Diversification is of two types such as related and unrelated. In accordance with the given
context, it is suggested to the firm that Starbucks should adopt related diversification tactic as a
strategic choice. In related diversification, firm tends to expand its business in the area which is
related with its current operation. For example, at present, Starbucks offers different food and
beverage products. Thus, in this context, it is suggested to the corporation that it should diversify
its business in the bakery sector wherein it can deliverer goods such as bread, cake, pastry and
doughnuts (Boehm and Turner, 2005). By selling all the mentioned products, manager of cited
firm can expand the base of its existing buyers. In addition to this, through this way, Starbucks
can fulfill the needs and demands of those buyers who like to eat bakery items with every sip of
coffee. Furthermore, through this way only, firm can perform necessary improvement in its sales
and profits in an effectual way.
In this regard, it can be said that there are some challenges associated with the related
diversification tactic which needs to be considered by the cited firm (Flor and Oltra, 2010).

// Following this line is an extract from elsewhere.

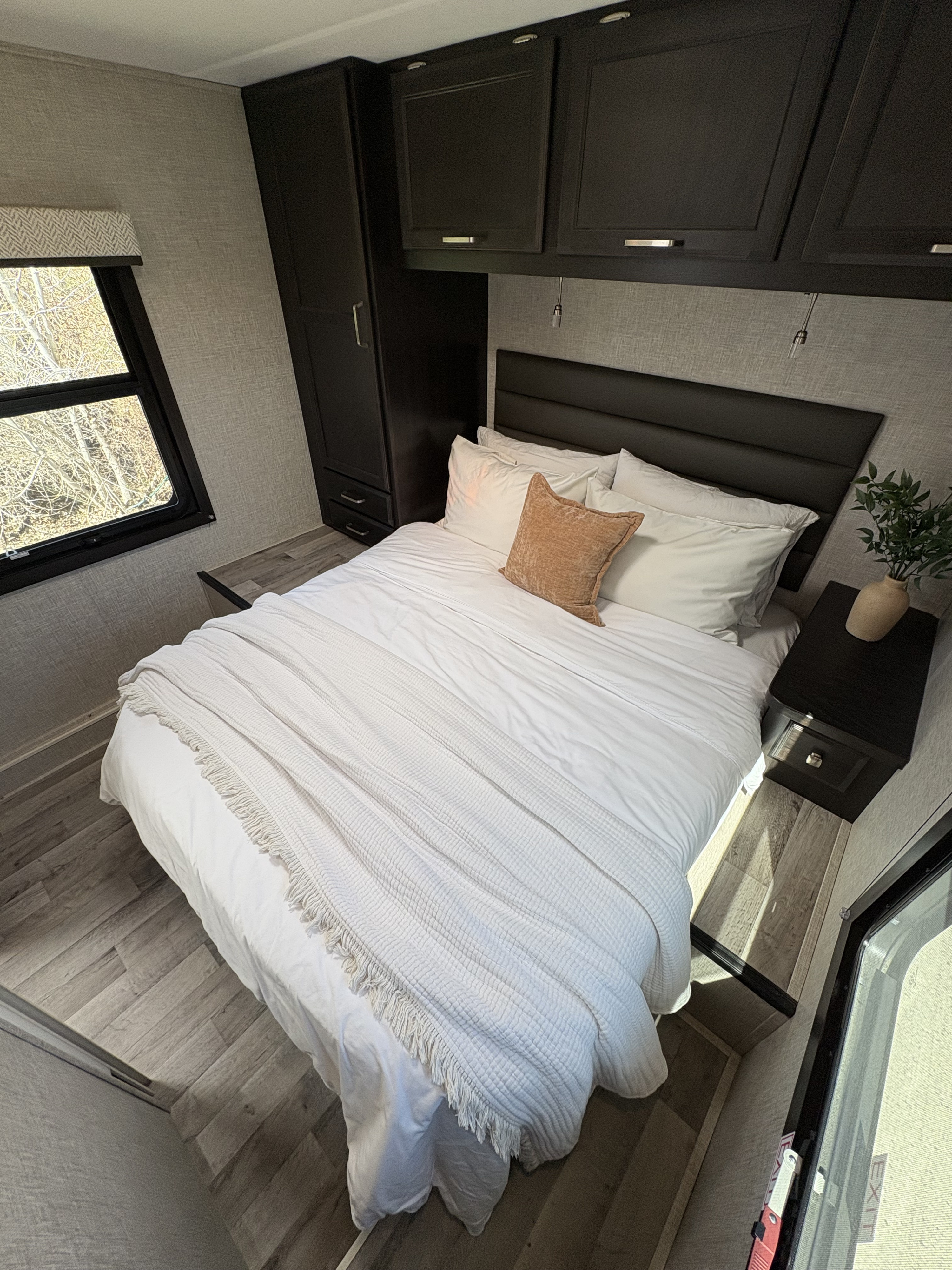 This clean RV rental bedroom offers a comfortable bed with white linens, dark cabinets, and a window view.. Jayco Redhawk 2024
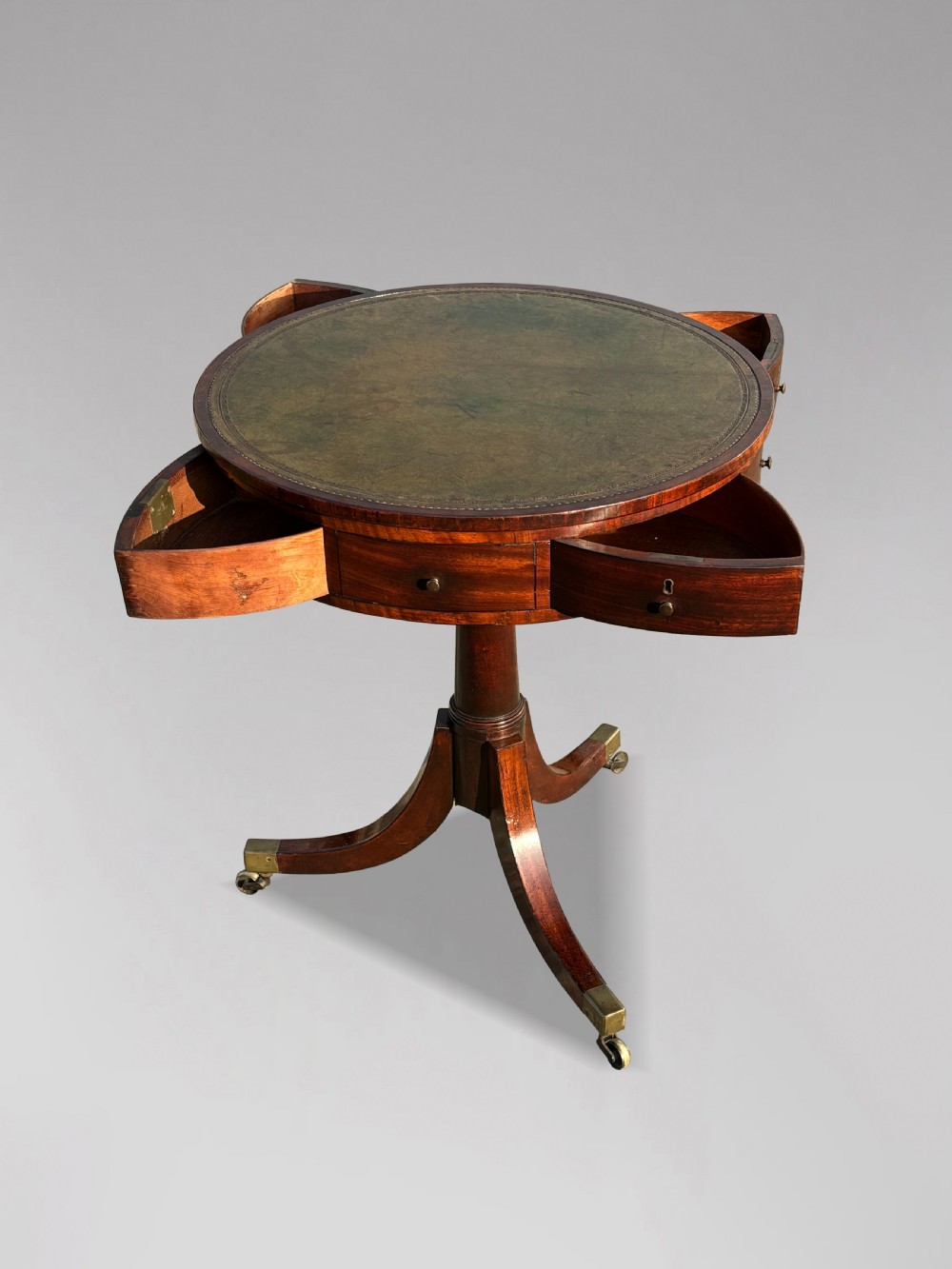 An 18th-century George III mahogany drum table with a circular green leather top, frieze drawers, turned pedestal, and splayed legs with brass castors. View VII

One
of the biggest challenges which is associated with the given tactic is related to generate
confusion in the mind of buyers. In this context, it has been seen that consumers often get
confused in between the main and diversified product of the organization. Impact of such
confusion is incurred by the main product of enterprise which is of coffee in the form of
decreasing sales. Thus, while making the decision with regard to adopt the respective tactic,
manager of firm should think twice (Galpin and Whittington, 2012).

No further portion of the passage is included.